Every line of the listing below from the one with "le an vi tuong tai chua xiem can bac lieu 7" up to and including the one with "Ronke Odusanya tweet media" should be retyped exactly, and nothing else; pictures are not part of the copy.

SUPPLIED RECORDS:
-----
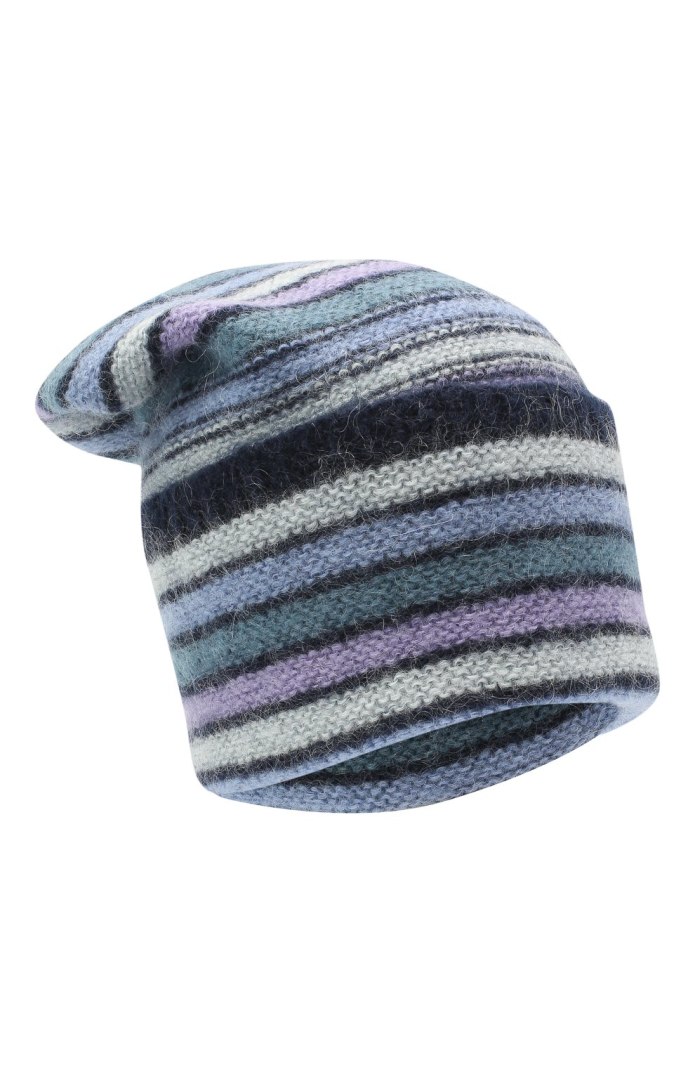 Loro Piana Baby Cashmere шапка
-----
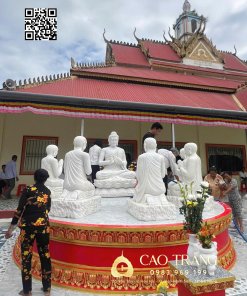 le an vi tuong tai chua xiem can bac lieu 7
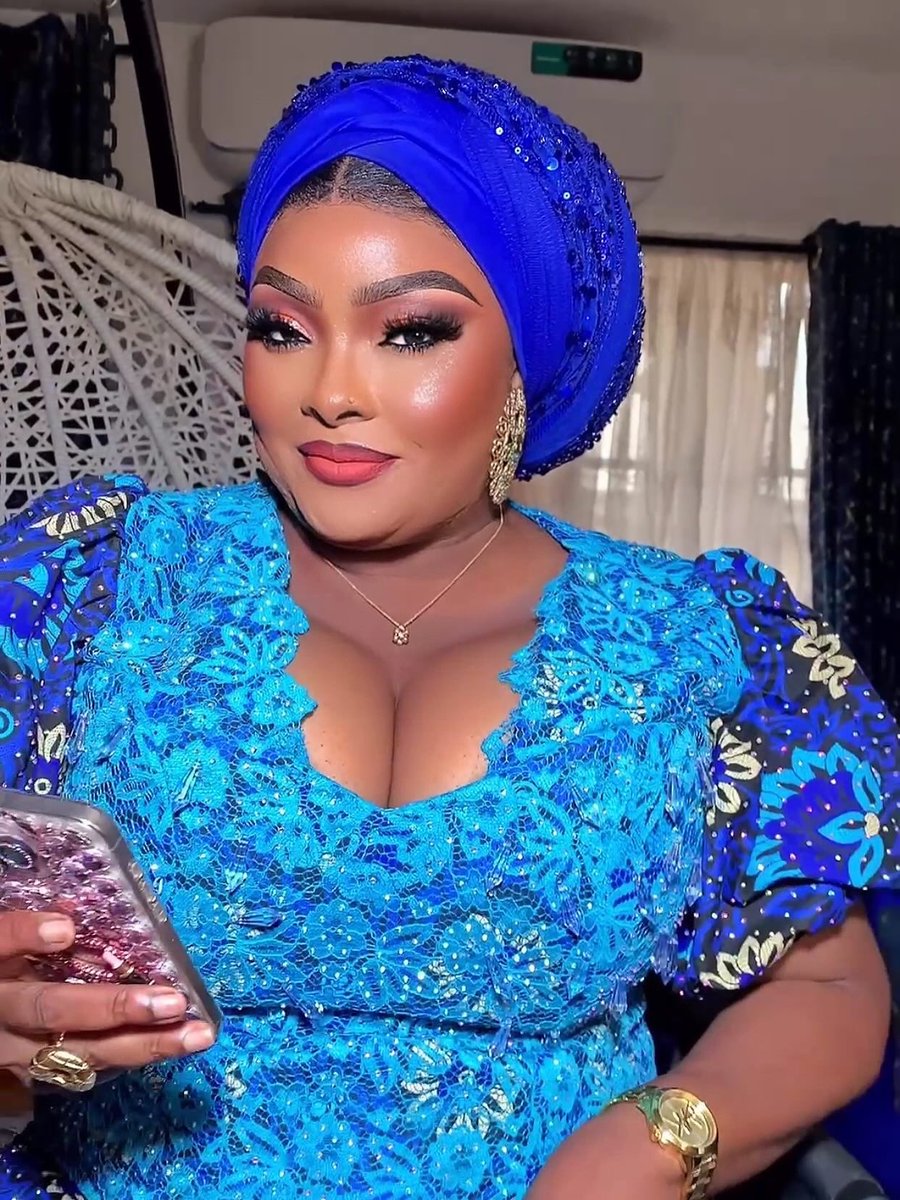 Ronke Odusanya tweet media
-----
RESPONSE FOR THIS EXERCISE:
 le an vi tuong tai chua xiem can bac lieu 7
 Ronke Odusanya tweet media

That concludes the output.